Action item:
Set down exactly the lines of the records from the top to the line containing "Total Annihilation-photo by Michel Varrin"; include both.

(Dataset excerpts)
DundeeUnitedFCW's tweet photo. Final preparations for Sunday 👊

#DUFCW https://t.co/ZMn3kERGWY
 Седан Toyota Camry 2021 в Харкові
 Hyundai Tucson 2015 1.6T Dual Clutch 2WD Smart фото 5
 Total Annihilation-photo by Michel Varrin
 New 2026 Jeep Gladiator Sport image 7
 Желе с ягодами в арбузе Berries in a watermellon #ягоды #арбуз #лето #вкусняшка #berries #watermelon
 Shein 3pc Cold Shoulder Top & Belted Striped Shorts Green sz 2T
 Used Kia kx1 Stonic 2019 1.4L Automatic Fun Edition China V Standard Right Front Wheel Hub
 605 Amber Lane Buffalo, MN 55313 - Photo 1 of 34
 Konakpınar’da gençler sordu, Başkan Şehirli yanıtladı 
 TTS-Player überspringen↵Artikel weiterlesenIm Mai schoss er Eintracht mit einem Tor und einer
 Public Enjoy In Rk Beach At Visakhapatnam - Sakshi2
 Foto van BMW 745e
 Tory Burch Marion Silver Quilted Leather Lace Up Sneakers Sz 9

Written reply:
DundeeUnitedFCW's tweet photo. Final preparations for Sunday 👊

#DUFCW https://t.co/ZMn3kERGWY
 Седан Toyota Camry 2021 в Харкові
 Hyundai Tucson 2015 1.6T Dual Clutch 2WD Smart фото 5
 Total Annihilation-photo by Michel Varrin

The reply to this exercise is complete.